• **Records shown**
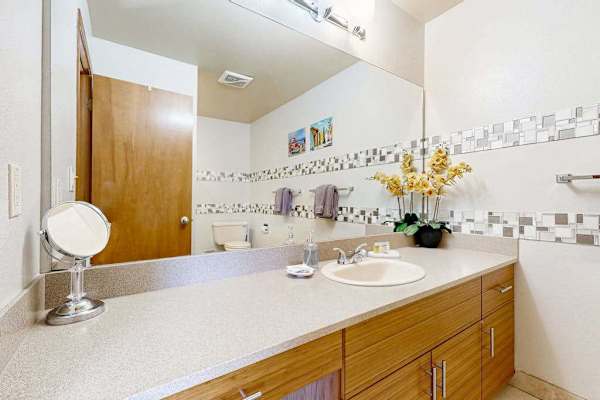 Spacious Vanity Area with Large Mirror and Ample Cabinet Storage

==

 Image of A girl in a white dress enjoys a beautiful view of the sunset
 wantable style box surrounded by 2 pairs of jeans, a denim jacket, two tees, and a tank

---

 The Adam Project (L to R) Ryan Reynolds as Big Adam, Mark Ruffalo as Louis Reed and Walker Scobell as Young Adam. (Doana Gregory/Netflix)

• **Task objective**
Extract exactly and only the lines above from the line containing "Image of A girl" through the line containing "wantable style box", both end lines included.

• **Worked solution**
 Image of A girl in a white dress enjoys a beautiful view of the sunset
 wantable style box surrounded by 2 pairs of jeans, a denim jacket, two tees, and a tank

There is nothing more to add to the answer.